Scraped caption text data:
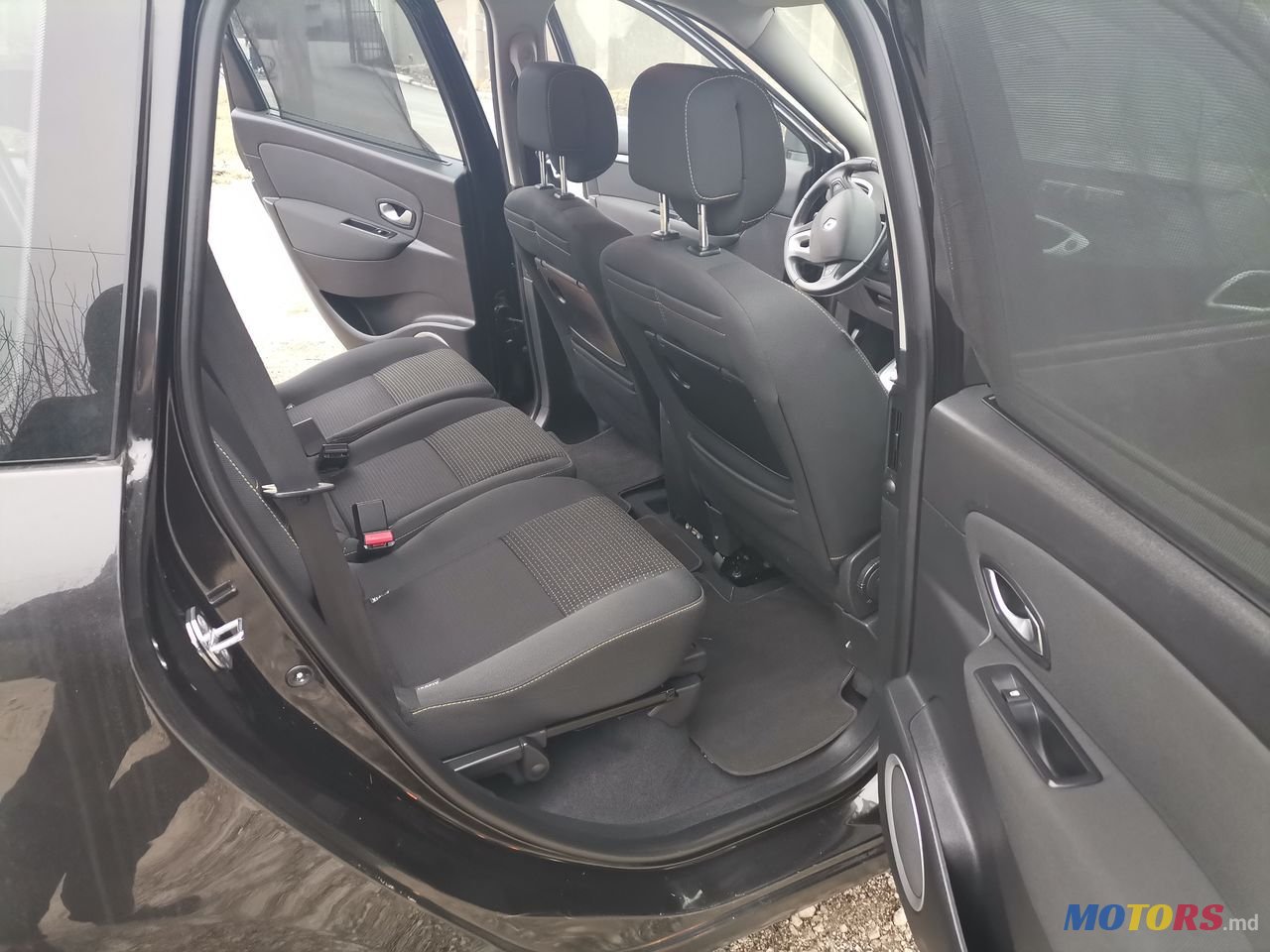 2009' Renault Grand Scenic photo #4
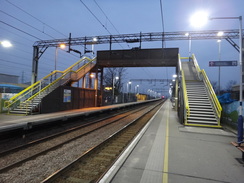 P2019DSC07463	Rainham station.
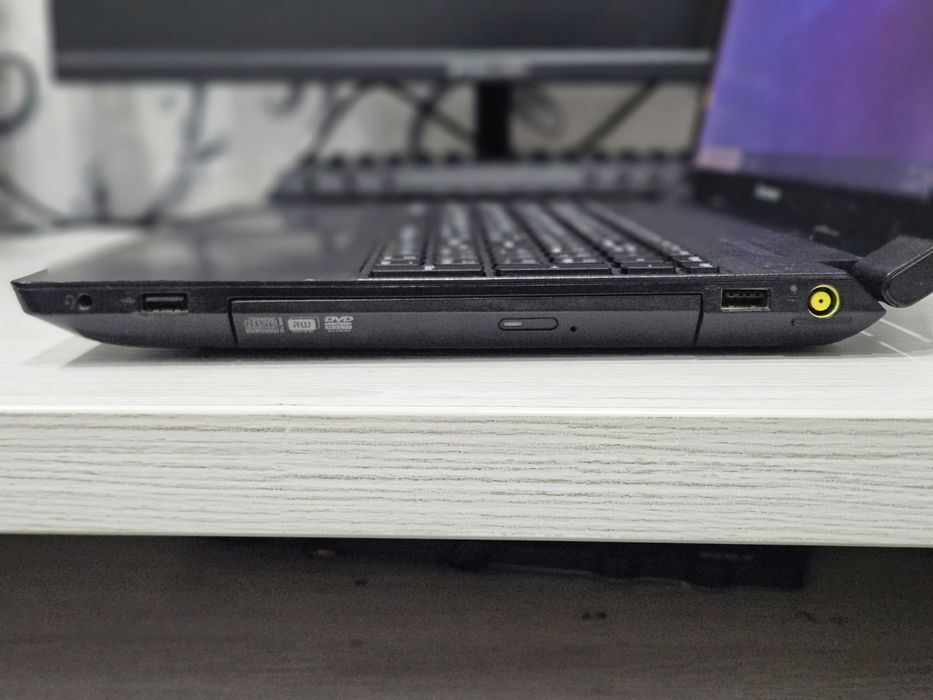 Noutbuk lenovo B590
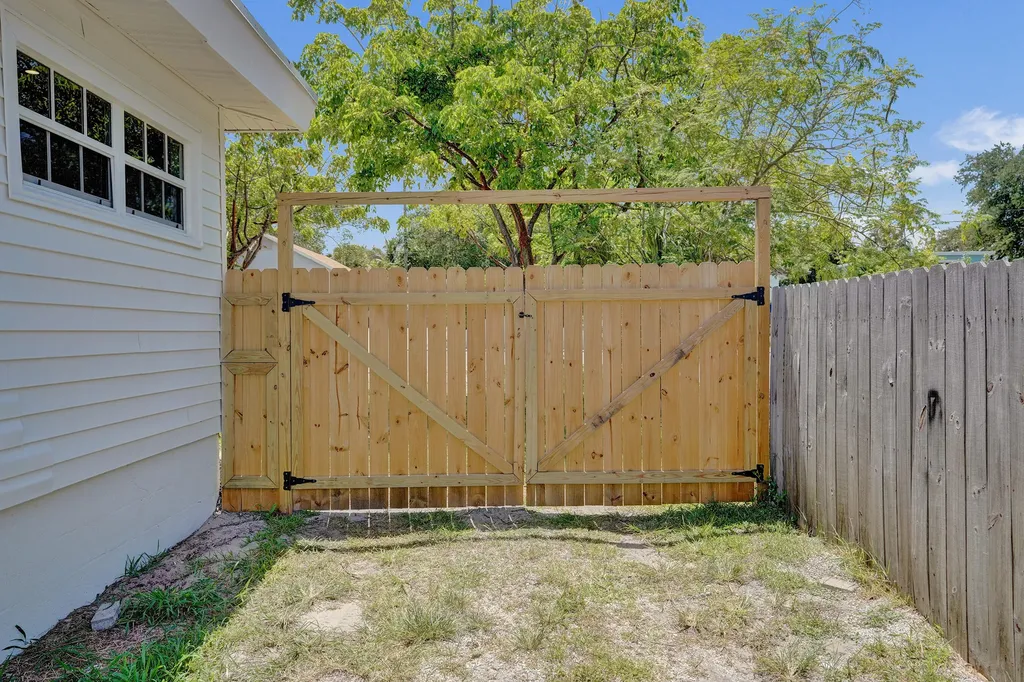 716 S Pine Street Lake Worth Beach FL 33460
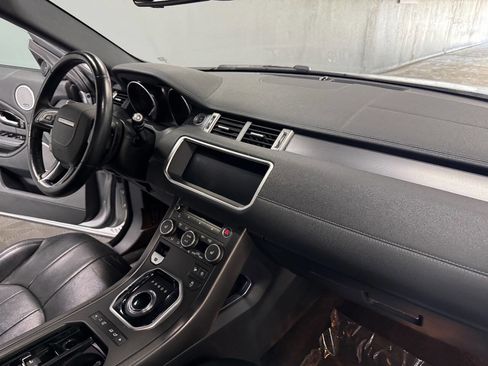 Used 2018 Land Rover Range Rover Evoque SE Dynamic image 52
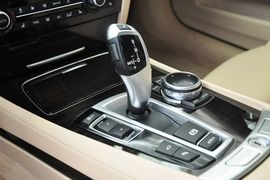 2013款宝马730Li豪华型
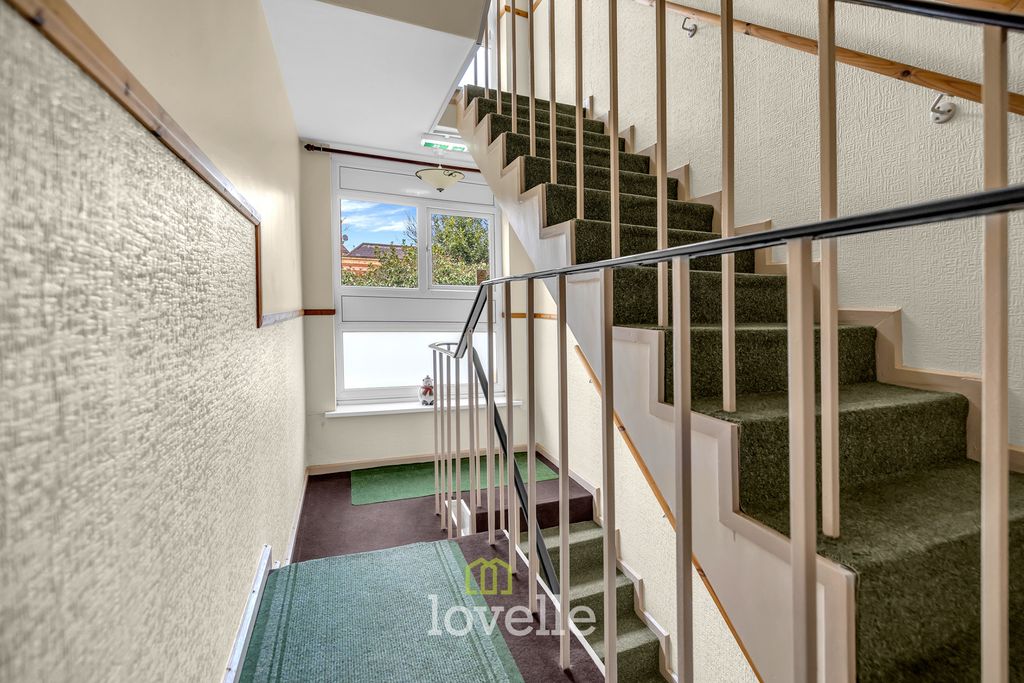 Additional image 15 of 2 bed flat for saleBargate, Grimsby DN34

§ THE TASK: For every entry above, please output the text exactly and leave any picture behind.

§ ANSWER FOR THE TASK:
 2009' Renault Grand Scenic photo #4
 P2019DSC07463	Rainham station.
 Noutbuk lenovo B590
 716 S Pine Street Lake Worth Beach FL 33460
 Used 2018 Land Rover Range Rover Evoque SE Dynamic image 52
 2013款宝马730Li豪华型
 Additional image 15 of 2 bed flat for saleBargate, Grimsby DN34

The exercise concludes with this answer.